» WORK INSTRUCTIONS: Set the records down again in full, exactly as they are, apart from the images.

---------- PROVIDED ENTRIES ----------

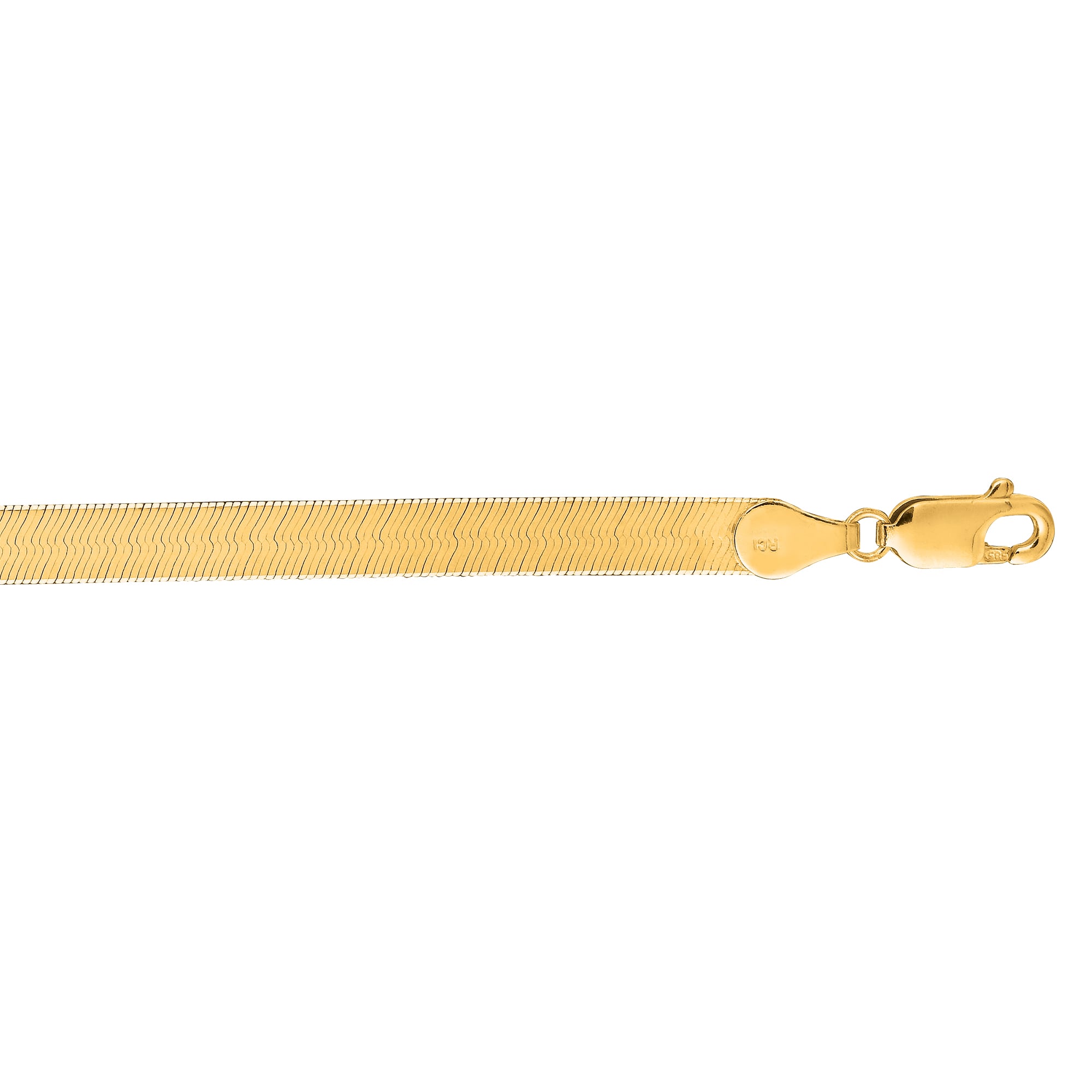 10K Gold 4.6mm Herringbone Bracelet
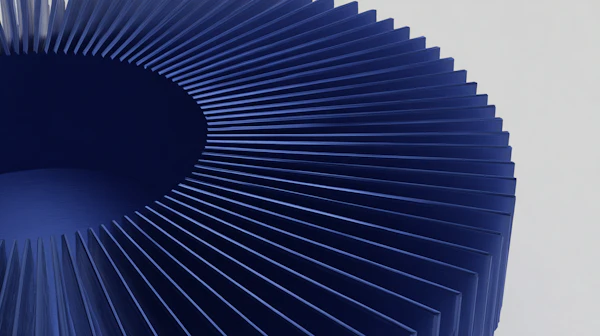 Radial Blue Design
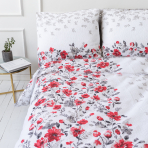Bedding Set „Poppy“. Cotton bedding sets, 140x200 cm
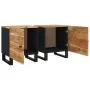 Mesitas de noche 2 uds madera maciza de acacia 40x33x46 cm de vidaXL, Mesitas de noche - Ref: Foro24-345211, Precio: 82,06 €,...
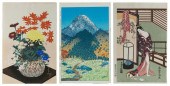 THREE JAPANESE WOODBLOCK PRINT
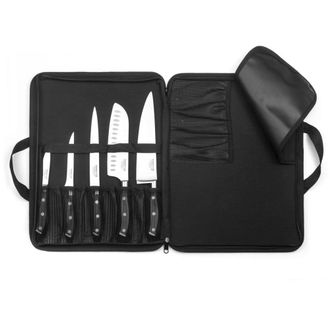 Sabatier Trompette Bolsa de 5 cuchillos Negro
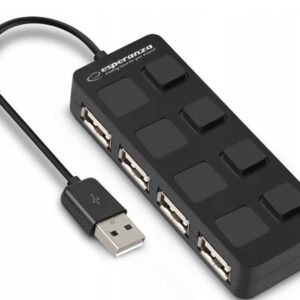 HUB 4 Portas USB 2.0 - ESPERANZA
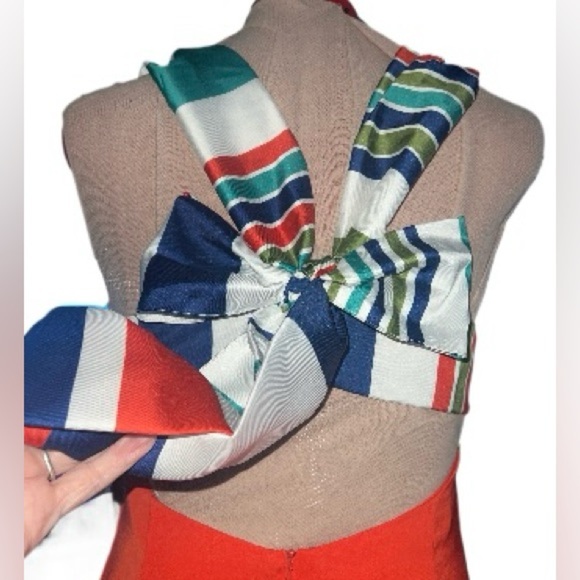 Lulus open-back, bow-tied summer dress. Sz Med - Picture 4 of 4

----------

» EXERCISE OUTPUT:
 10K Gold 4.6mm Herringbone Bracelet
 Radial Blue Design
Bedding Set „Poppy“. Cotton bedding sets, 140x200 cm
 Mesitas de noche 2 uds madera maciza de acacia 40x33x46 cm de vidaXL, Mesitas de noche - Ref: Foro24-345211, Precio: 82,06 €,...
 THREE JAPANESE WOODBLOCK PRINT
 Sabatier Trompette Bolsa de 5 cuchillos Negro
 HUB 4 Portas USB 2.0 - ESPERANZA
 Lulus open-back, bow-tied summer dress. Sz Med - Picture 4 of 4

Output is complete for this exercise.